In most datacenters I've seen, I'd probably be willing to do a run through with IR cam/temp probe, or just visual inspection, with a handheld 1211, especially if I had a respirator, if it were just "smell of smoke". Clear view and path to two exits, someone at the EPO switch, etc.
The "big scary things" are battery plant and generator plant, and any kind of subfloor or ductwork. As long as the fire isn't in any of those, it's far less of a big deal. I probably wouldn't EPO a room for a server on fire, either -- just kill the rack, which takes slightly longer.
I've been in places where "smell of smoke" was a fucknozzle smoking a cigar or burning leaves outdoors outside an air intake, and another where it was a smoker's coat being put on an air handler.
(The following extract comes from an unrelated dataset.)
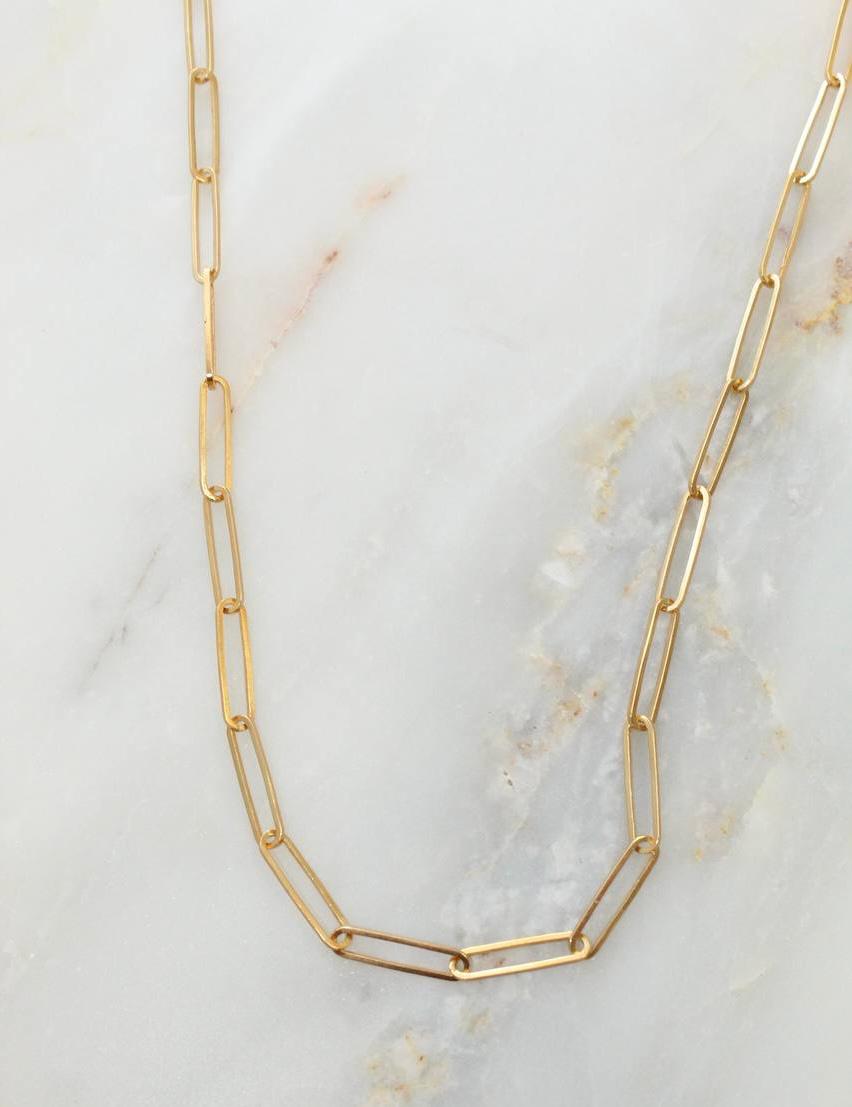 Necklace Elos Gold BLVD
If you're not ready to use your DR plan it probably means your DR plan is inadequate to begin with. Why the hell do fire drills? Even cruise ships do drills. God forbid they pull their passengers away from that very important game of Texas Hold'em.
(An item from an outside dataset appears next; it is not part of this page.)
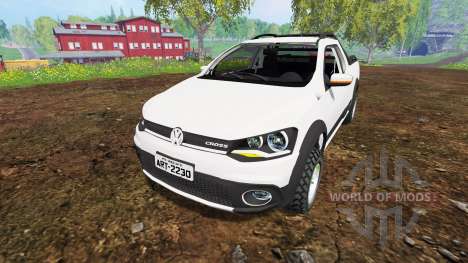 Volkswagen Saveiro G6 pour Farming Simulator 2015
I probably wouldn't EPO a room for a server on fire, either -- just kill the rack, which takes slightly longer.
You fail to understand how fires start or why they spread. I mean why the hell do datacenters spend millions of dollars on fire supression when an IR cam and a handheld extenguisher is just as good, right?
The fire suppression exists for two reasons. One, is to get code exemptions to be allowed to run wiring in ways which would otherwise require licensed electricians to do every wiring job, and prohibit people from being in the facility. Two is to detect small fires early, and to prevent their spread, as well as to protect facilities from catastrophic facility-wide fire.
Servers are just not that high a fire risk, particularly when de-energized. Generally inside a self-contained metal chassis, less than 100 pounds each, metal/plastic, etc. The power supply is the most likely component to start a fire, and contains a max of maybe 250g of capacitors and other components. The risk of one server catching on fire is low, and the risk of it rapidly spreading to anything else is low, so yes, I'd be comfortable pulling a single burning server out of a de-energized rack.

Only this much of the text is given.